Essa combinação mantém as taxas de juros elevadas por mais tempo, afetando setores como tecnologia e bancos, que apresentam alta volatilidade. No Brasil, o IGP-10 de novembro surpreendeu com variação maior que o mês anterior, enquanto investidores no mundo aguardam as próximas decisões do Fed para definir os rumos dos mercados.
“`html

Os mercados globais iniciam a sexta-feira em clima de cautela, com os contratos futuros dos principais índices americanos registrando queda no Pré-mercado em queda. Investidores estão apreensivos com a possibilidade de que a paralisação do governo dos Estados Unidos tenha causado a perda de dados oficiais, um problema recorrente em shutdowns anteriores.

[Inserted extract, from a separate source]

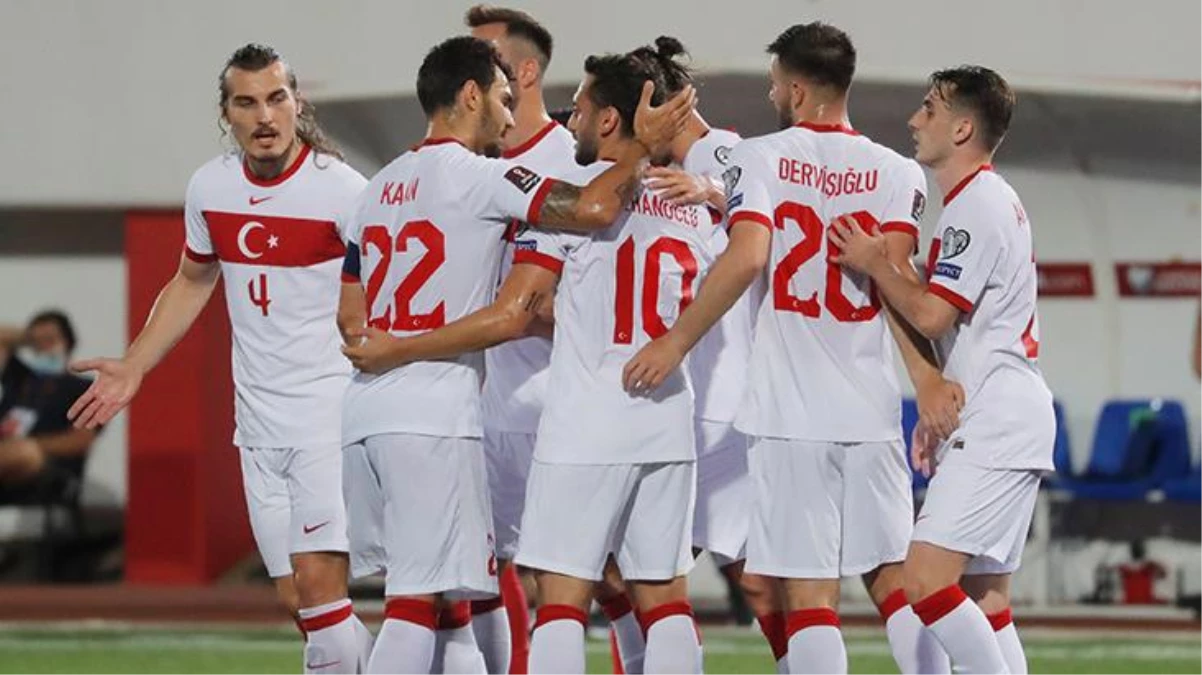 2022 Dünya Kupası Elemeleri G Grubu\'nda Türkiye, deplasmanda Cebelitarık\'ı 3-0 mağlup etti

A ausência ou atraso de informações cruciais dificulta a análise da atividade econômica e da inflação. Sem dados confiáveis, o mercado opera com maior incerteza, elevando a aversão ao risco. Este cenário surge em um momento delicado para a política monetária dos EUA, com a inflação mostrando resistência e o consumo ainda forte.

O mercado de trabalho, embora perdendo força, continua a pressionar os salários. Essa combinação de fatores reforça a tese de que o Federal Reserve (FED) pode ser forçado a adotar uma postura ainda mais conservadora, sem espaço para cortes de juros no curto prazo. Nos mercados de ações, os setores mais sensíveis às taxas de juros apresentam oscilações intensas.

Empresas de tecnologia exibem alta volatilidade, enquanto bancos reagem às expectativas em relação à curva de rendimentos. Companhias ligadas ao consumo sofrem com a perspectiva de juros elevados por um período prolongado. No mercado de renda fixa, o rendimento dos títulos públicos americanos de prazos mais longos permanece em patamares elevados.

No Brasil, o Índice Geral de Preços – 10 (IGP-10) de novembro apresentou uma variação de 0,20%, superando a taxa de 0,10% observada no mês anterior. Não havia expectativa de um valor específico para este indicador. Nos Estados Unidos, não foram divulgados indicadores econômicos relevantes.

O cenário de Pré-mercado em queda reflete um momento de incerteza e apreensão nos mercados globais, com investidores aguardando ansiosamente por sinais mais claros sobre a direção da economia e a política monetária nos Estados Unidos. A atenção se volta agora para os próximos indicadores e decisões do Federal Reserve, que podem influenciar significativamente o desempenho dos mercados nas próximas semanas.

Via Forbes Brasil

“`

Artigos colaborativos escritos por redatores e editores do portal Vitória Agora.